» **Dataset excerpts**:
# # # # # # #

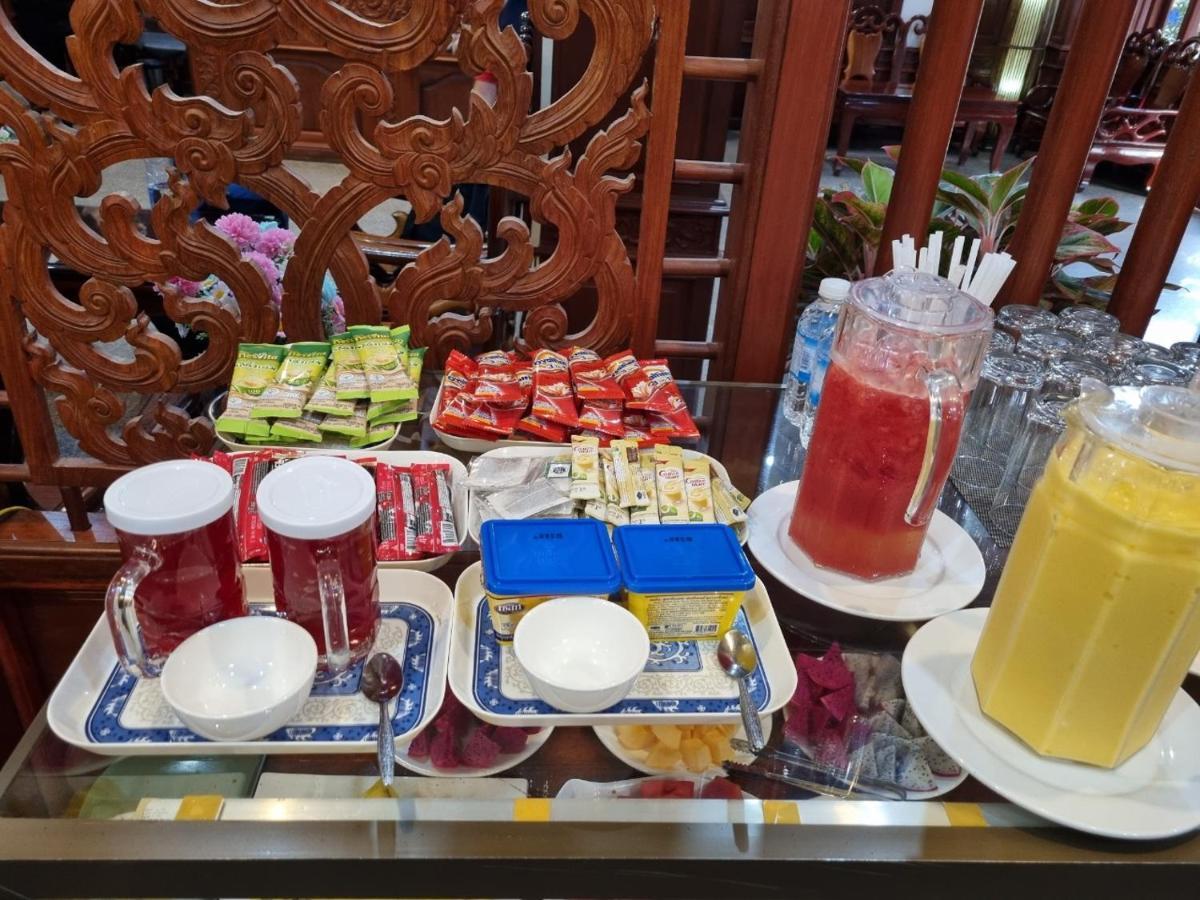 Khampiane1 Hotel Ban Nongdouang ภายนอก รูปภาพ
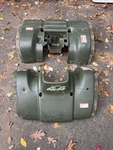 1996 Honda Fourtrax Foreman 400 4X4 Front & Rear Fenders B632. Fixed Price $499.99.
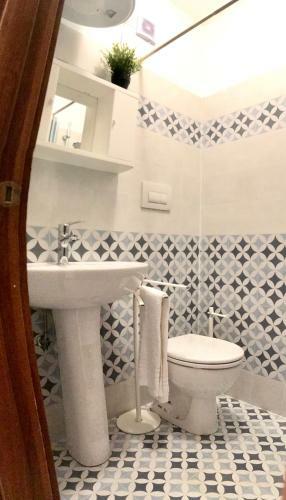 Apartamento Residence Cinzia Pool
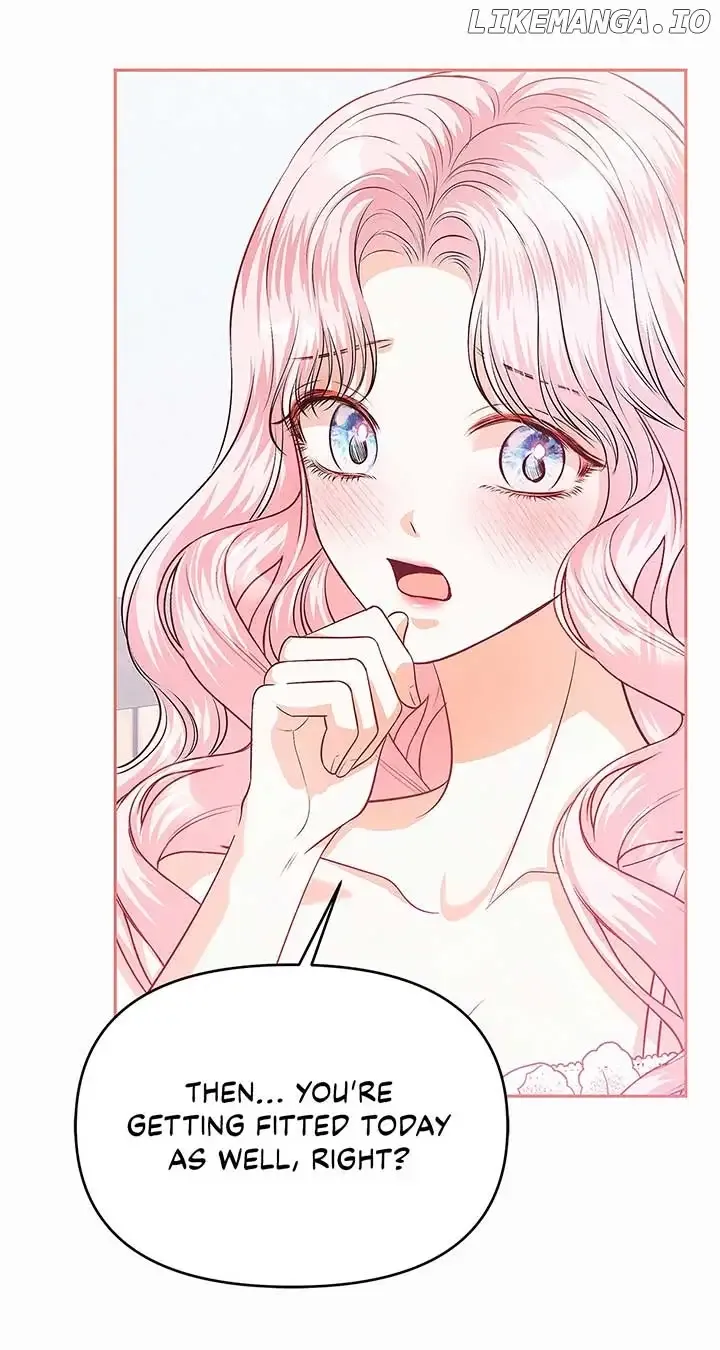 I Think I Married The Wrong Guy Chapter 30 page 19 - 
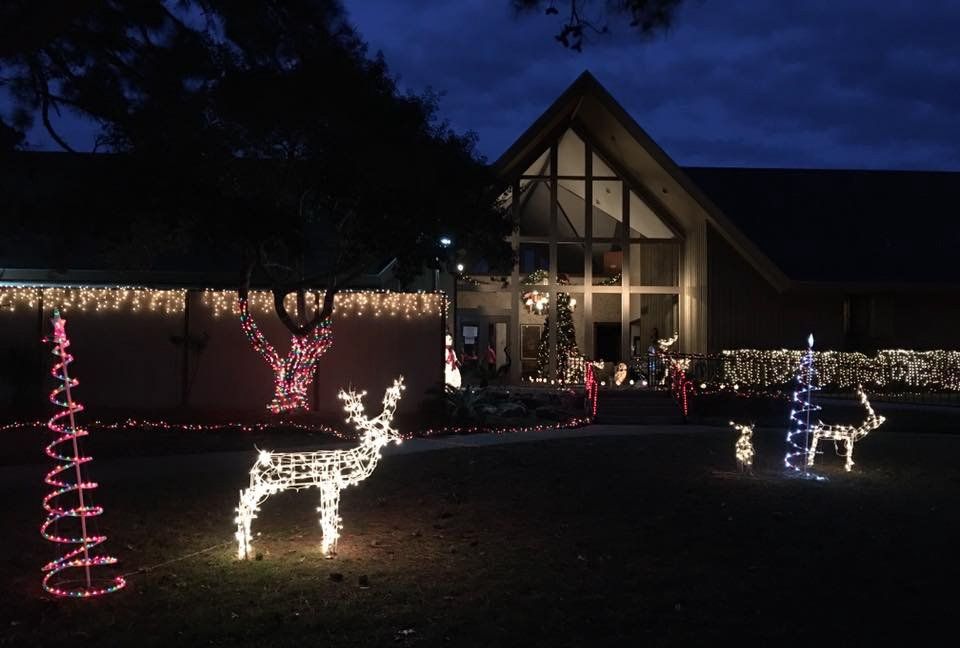 Westwood Shores Community Events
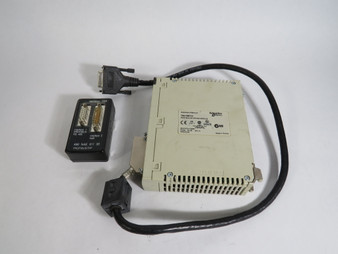 Schneider Electric TSXPBY100 Profibus Module Kit USED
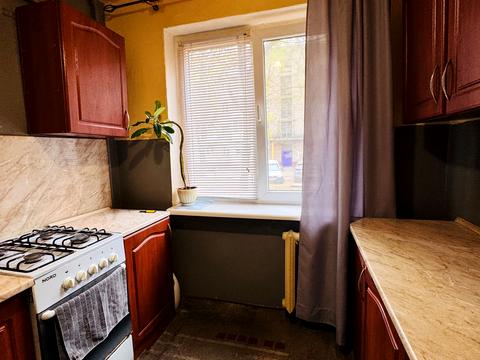 квартира за адресою Вадима Пугачова вул. (Московська), 3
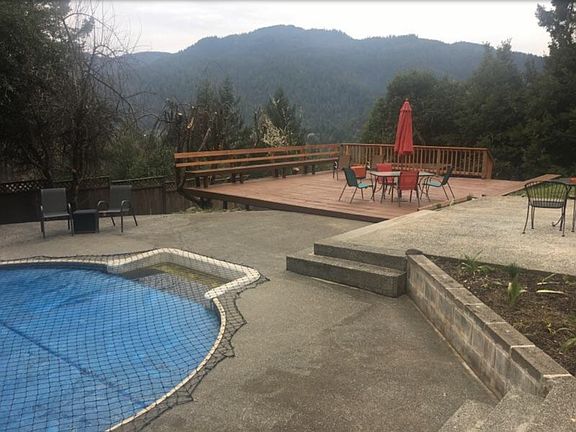 Awesome entertainment space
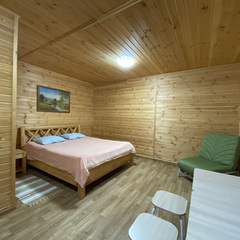 Гостевой дом Берингия, Республика Алтай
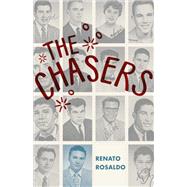 The Chasers 9781478004776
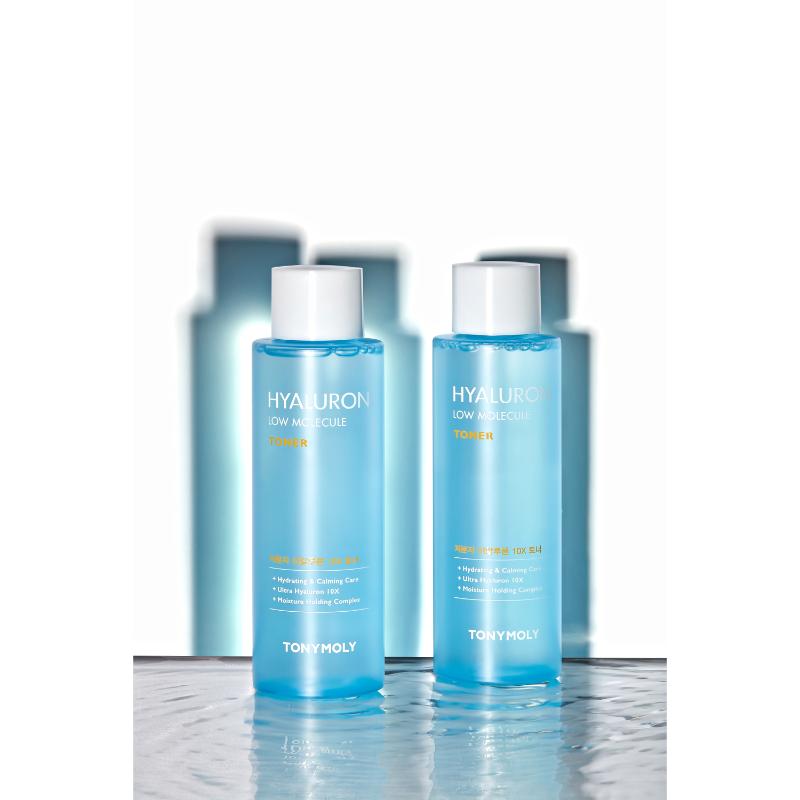 Derma Lab Hyaluron 10X Toner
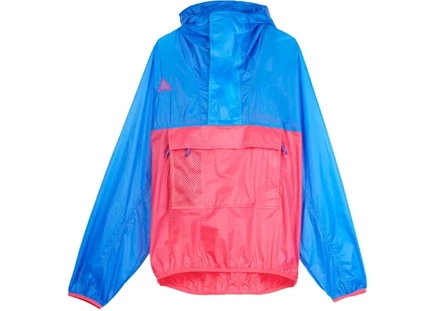 Мужской анорак Nike NRG ACG, синий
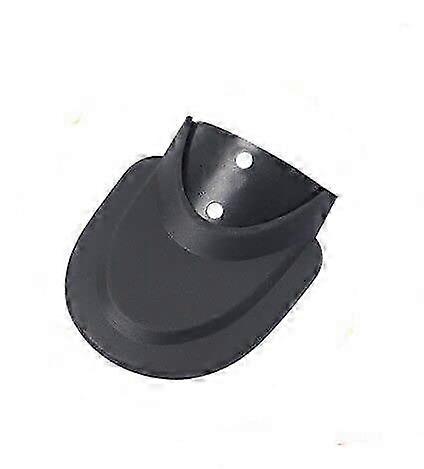 Splash Guards & Mud Flaps for Scooters and Bicycles - Front & Rear Mudguard Extensions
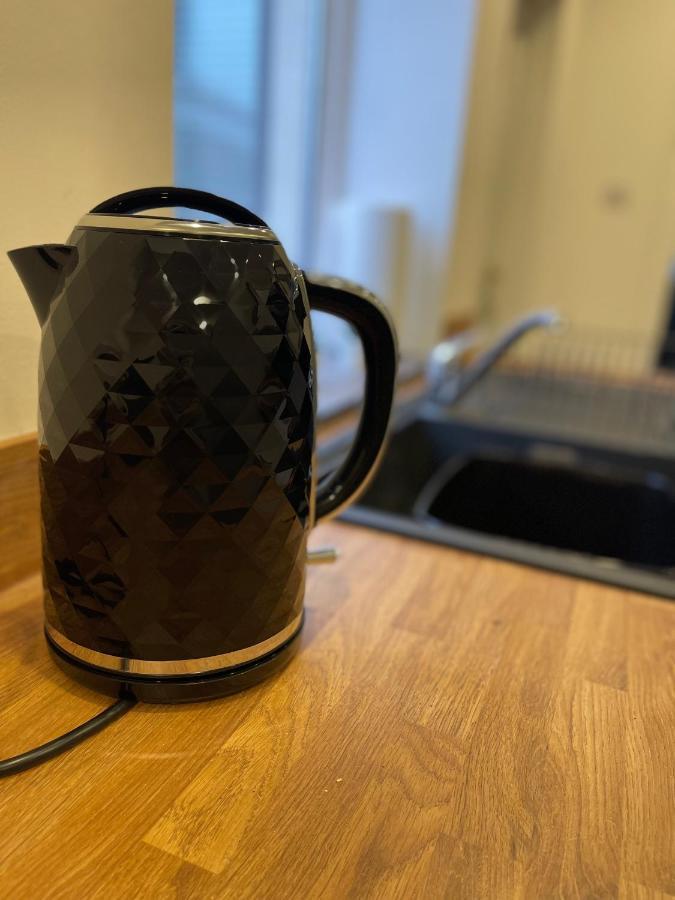 Bentley Place كرو المظهر الخارجي الصورة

# # # # # # #

» **Assignment**:
The line containing "Westwood Shores Community Events" marks the end: copy exactly every line from the start of the records up to and including it, leaving out the pictures.

» **Solution to the exercise**:
 Khampiane1 Hotel Ban Nongdouang ภายนอก รูปภาพ
 1996 Honda Fourtrax Foreman 400 4X4 Front & Rear Fenders B632. Fixed Price $499.99.
 Apartamento Residence Cinzia Pool
 I Think I Married The Wrong Guy Chapter 30 page 19 - 
 Westwood Shores Community Events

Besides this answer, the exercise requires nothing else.